Utilizing our transform and polar coordinates, \(Q_1=r\cos{f}\), \(Q_2=r\sin{f}\): \begin{equation} \frac{x}{r}=\left(\cos{\Omega}\cos{\omega}-\sin{\Omega}\cos{I}\sin{\omega}\right)\cos{f}+\left(-\cos{\Omega}\sin{\omega}-\sin{\Omega}\cos{I}\cos{\omega}\right)\sin{f}\nonumber \end{equation} \begin{equation} =\cos{\Omega}\cos{(\omega+f)}-\sin{\Omega}\cos{I}\sin{(\omega+f)}\label{x orbital elements} \end{equation} \begin{equation} \frac{y}{r}=\left(\sin{\Omega}\cos{\omega}+\cos{\Omega}\cos{I}\sin{\omega}\right)\cos{f}+\left(-\sin{\Omega}\sin{\omega}+\cos{\Omega}\cos{I}\cos{\omega}\right)\sin{f}\nonumber \end{equation} \begin{equation} =\sin{\Omega}\cos{(\omega+f)}+\sin{\Omega}\cos{I}\cos{(\omega+f)}\label{y orbital elements} \end{equation} \begin{equation} \frac{z}{r}=\sin{I}\sin{\omega}\cos{f}+\sin{I}\cos{\omega}\sin{f}\nonumber \end{equation} \begin{equation} =\sin{I}\sin{(\omega+f)}\label{z orbital elements} \end{equation}

IV. Expansion of the Two-Body Hamiltonian in Delaunay Variables

Here we write the Hamiltonian for the two-body system and solve the Hamilton-Jacobi Equation to find a set of action-angle variables that are constant over time.

We begin by identifying the Two-Body Hamiltonian in Cartesian coordinates.
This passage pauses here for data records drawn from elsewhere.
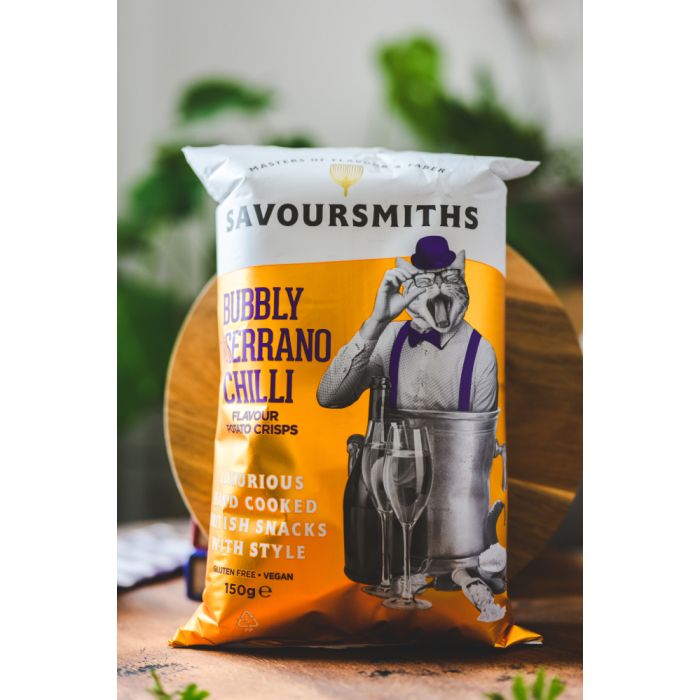 Bubbly and Serrano Chilli Flavour Potato crisps (12 x 150g bags)
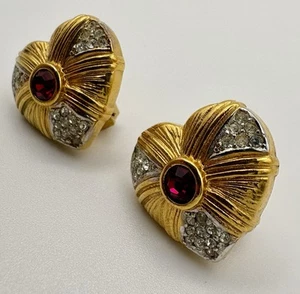 LANVIN Germany Heart Clip On Earrings Vintage Signed B1-108 - Picture 1 of 5
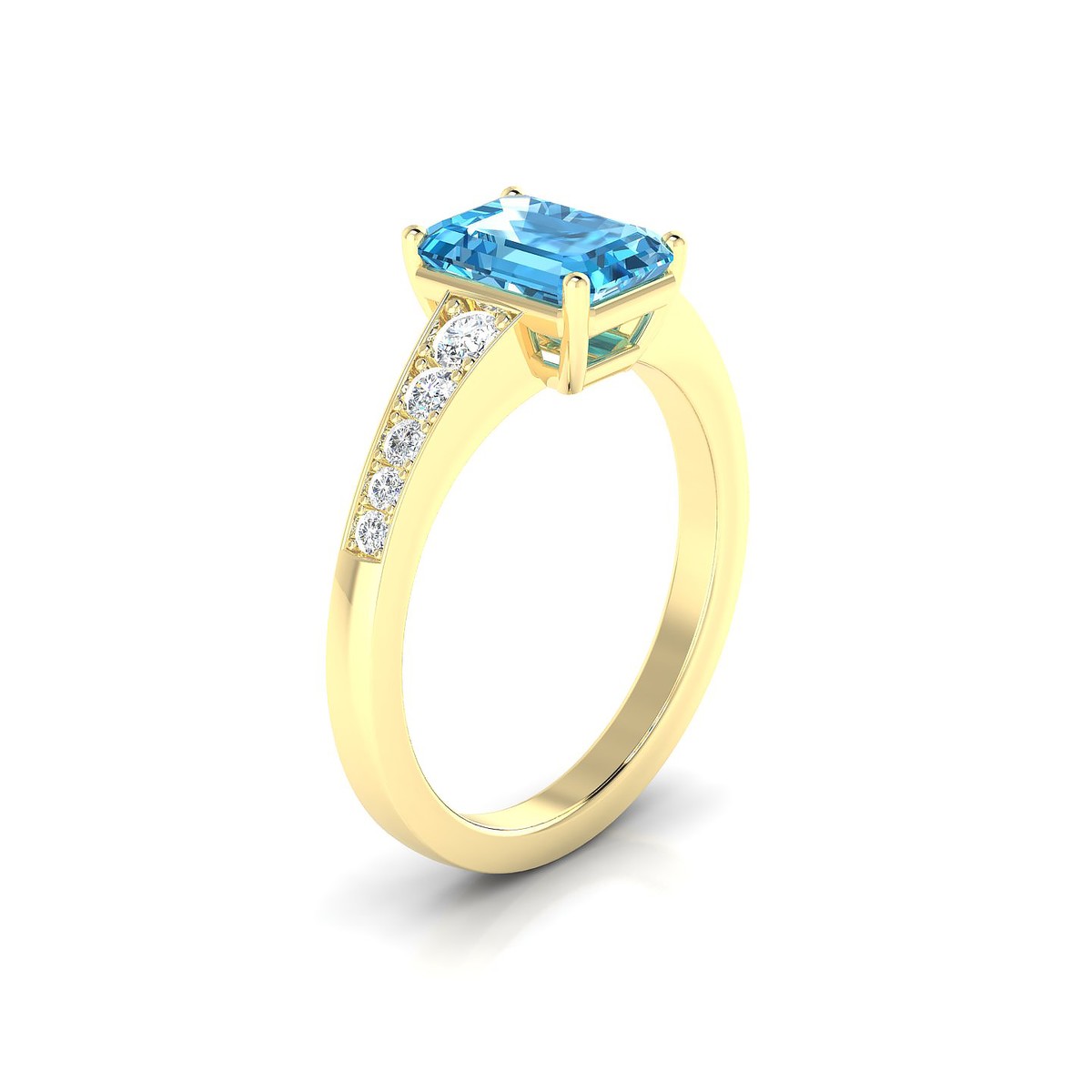 Prosperity | 18k Yellow Gold 8 x 6 mm Emerald Topaz Ring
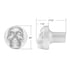 23926 by UNITED PACIFIC - Air Brake Valve Control Knob - Zinc Alloy, Skull Design, Screw-On, Pearl White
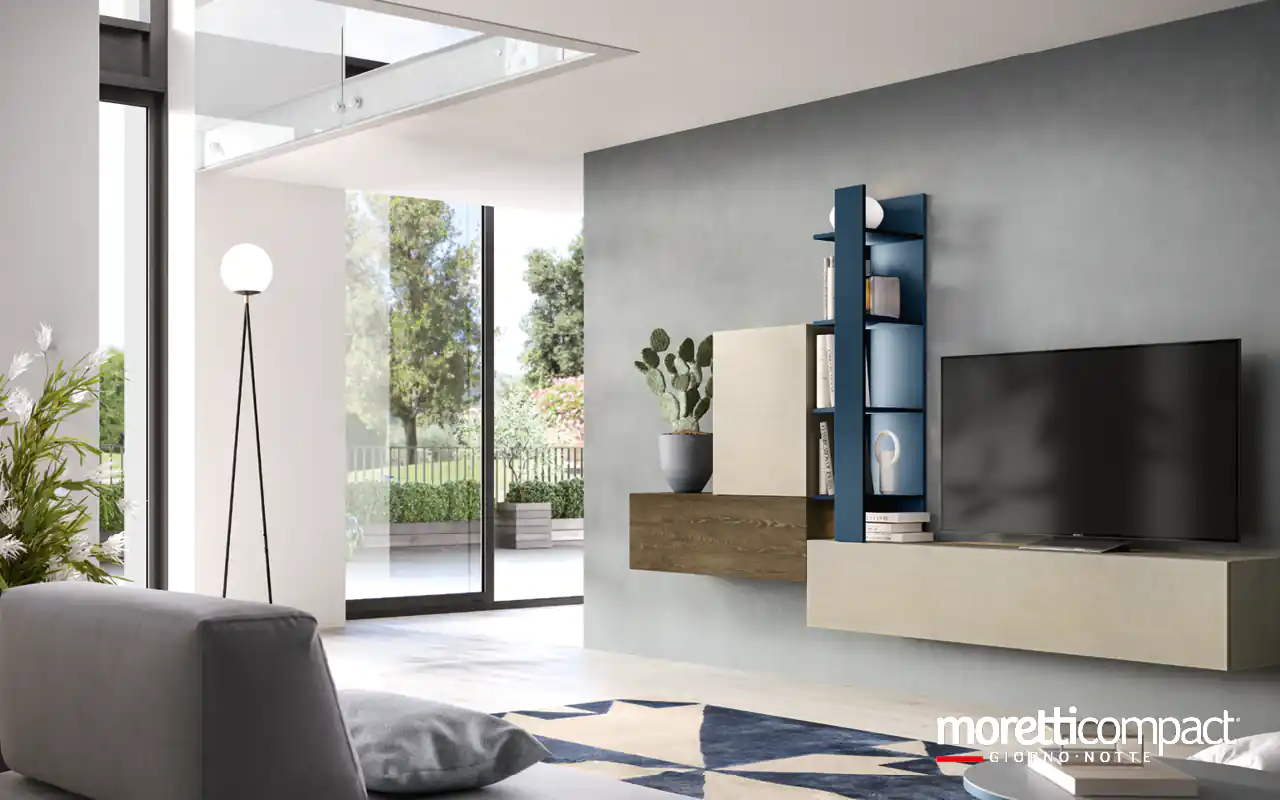 Living con modulo a giorno blu oltremare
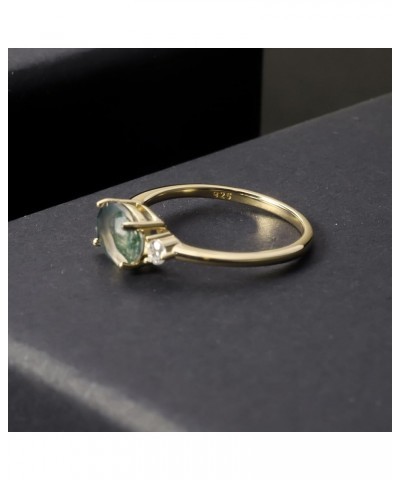 Moss Agate Rings 14k Gold Engagement Rings Women in 925 Sterling Silver Rings 9-Gold Green Moss Agate Ring $22.94 Rings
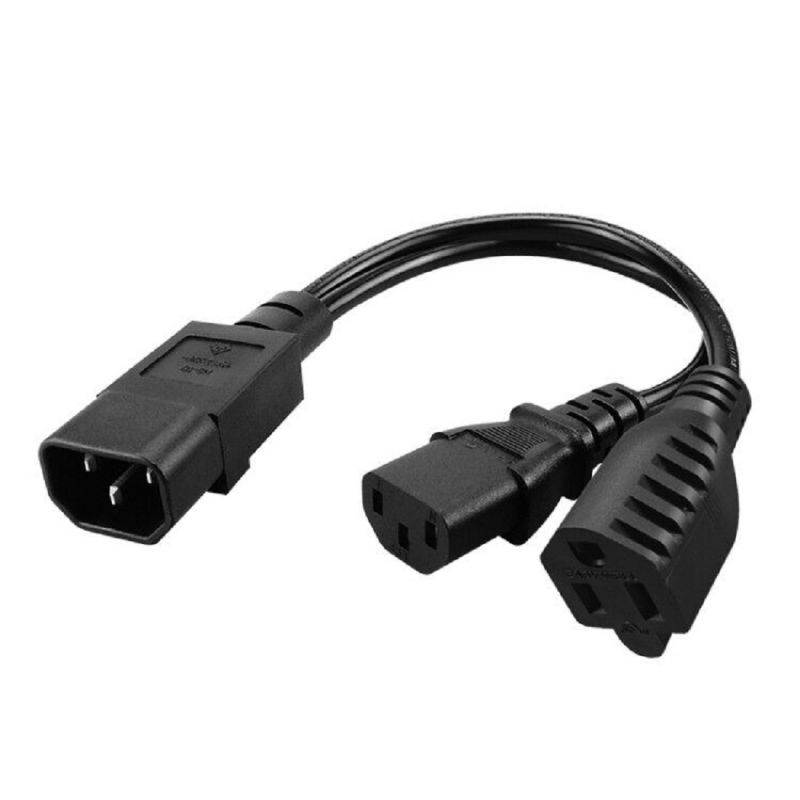 Tekit C14 to C13+NEMA 5-15R Y Splitter Power Plug Cord,Single IEC 320 C14 Male to C13+Nema 5-15R Female Splitter Adapter Cable Cord ,1ft /30mm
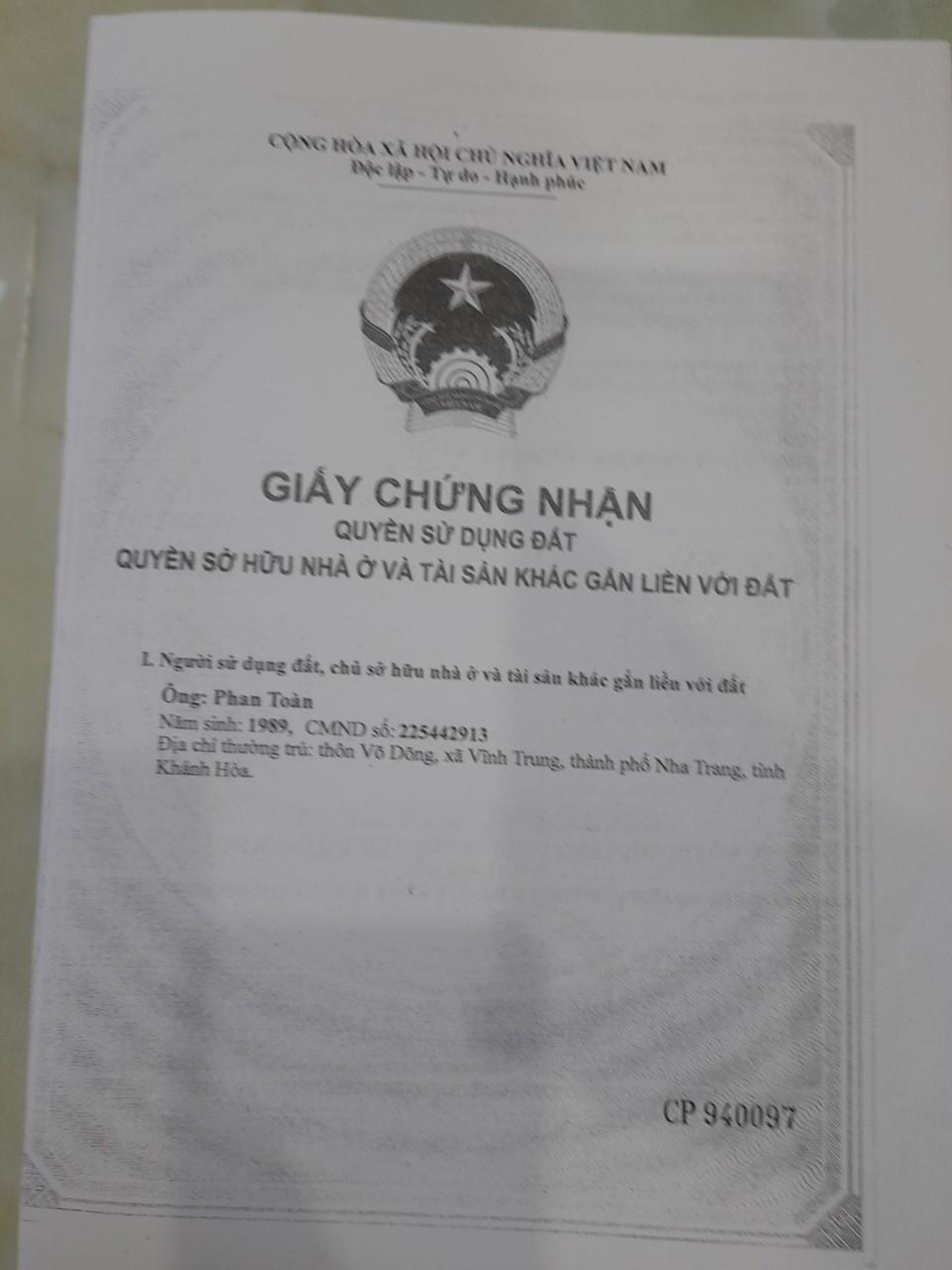 ĐẤT CHÍNH CHỦ - Sở Hữu Ngay Lô Đất Tại TP Nha Trang, Khánh Hòa449548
From \eqref{governing Newton Law}, the Lagrangian of the system is given by: \begin{equation} \mathcal{L}=\frac{1}{2}\mu\parallel\dot{\vec{r}}\parallel^2+\frac{\mathcal{G}\mu m}{\parallel\vec{r}\parallel} \end{equation} Via the Euler-Lagrange Equation, \eqref{governing Newton Law} is recovered: \begin{equation} \frac{d}{dt}\left(\frac{\partial \mathcal{L}}{\partial \dot{\vec{r}}}\right)-\frac{\partial \mathcal{L}}{\partial \vec{r}}=0\quad\rightarrow\quad\mu\ddot{\vec{r}}+\frac{\mathcal{G}\mu m}{\parallel\vec{r}\parallel^3}\vec{r}=0 \end{equation} We can now write the Hamiltonian using:

\begin{equation} \vec{p}=\frac{\partial \mathcal{L}}{\partial \dot{\vec{r}}}=\mu\dot{\vec{r}}\label{p def} \end{equation}

\begin{equation} \mathcal{H}=p\dot{r}-\mathcal{L}=\frac{1}{2\mu}\parallel\vec{p}\parallel^2-\frac{\mathcal{G}\mu m}{\parallel\vec{r}\parallel} \end{equation}

From the spherical symmetry of the problem, it is natural for us to proceed using spherical coordinates. We perform another canonical transform from \(p_x\), \(p_y\), \(p_z\), \(r_x\), \(r_y\), and \(r_z\) coordinates to \(p_r\), \(p_\phi\), \(p_\theta\), \(r\), \(\theta\), and \(\phi\) coordinates:

\begin{equation} r_x = r \cos{\phi} \sin{\theta} \label{polar transform start} \end{equation}

\begin{equation} r_y = r \sin{\phi} \sin{\theta} \end{equation}

\begin{equation} r_z = r \cos{\theta} \end{equation}

\begin{equation} p_x = p_r \cos{\phi} \sin{\theta} - \frac{p_\phi}{r \sin{\theta}} \sin{\phi} + \frac{p_\theta}{r} \cos{\phi} \cos{\theta} \end{equation}

\begin{equation} p_y = p_r \sin{\phi} \sin{\theta} + \frac{p_\phi}{r \sin{\theta}} \cos{\phi} + \frac{p_\theta}{r} \sin{\phi} \cos{\theta} \end{equation}

\begin{equation} p_z = p_r \cos{\theta} - \frac{p_\theta}{r} \sin{\theta} \end{equation}

\begin{equation} p_r = \sqrt{p_x^2 + p_y^2 + p_z^2} \label{polar transform end} \end{equation}

Again, it can be shown that this transform satisfies \eqref{cannonical 1}-\eqref{cannonical 3}. The Hamiltonian becomes: \begin{equation}\label{2 body cartesian hamiltonian} \mathcal{H}=\frac{1}{2\mu}\left(p_r^2+\frac{p_\theta^2}{r^2}+\frac{p_\phi^2}{r^2\sin^2{\theta}}\right)-\frac{\mathcal{G}\mu m}{r} \end{equation}

IV.I Action-Angle Variables

We now find a canonical transform, \(q_i\rightarrow Q_i\) and \(p_i\rightarrow P_i\) such that our transformed Hamiltonian \(\mathcal{K}\) is a function of only momenta, \(\mathcal{K}\left(P_i\right)\). Transformed position coordinates are known as angles and transformed momenta are known as actions.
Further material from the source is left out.